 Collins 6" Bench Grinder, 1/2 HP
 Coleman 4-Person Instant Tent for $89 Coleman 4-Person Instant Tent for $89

+-------+

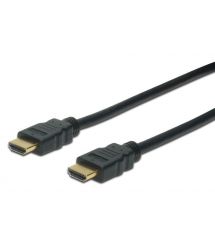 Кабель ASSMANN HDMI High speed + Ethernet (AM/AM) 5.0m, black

+-------+

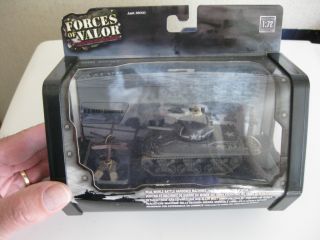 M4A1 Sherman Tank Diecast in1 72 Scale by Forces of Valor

+-------+

**What to do**: Out of the listing above, reproduce exactly the lines from the one with "Grinder, 1/2 HP" up to and including the one with "Coleman 4-Person Instant Tent for $89 Coleman".

**Worked solution**:
 Collins 6" Bench Grinder, 1/2 HP
 Coleman 4-Person Instant Tent for $89 Coleman 4-Person Instant Tent for $89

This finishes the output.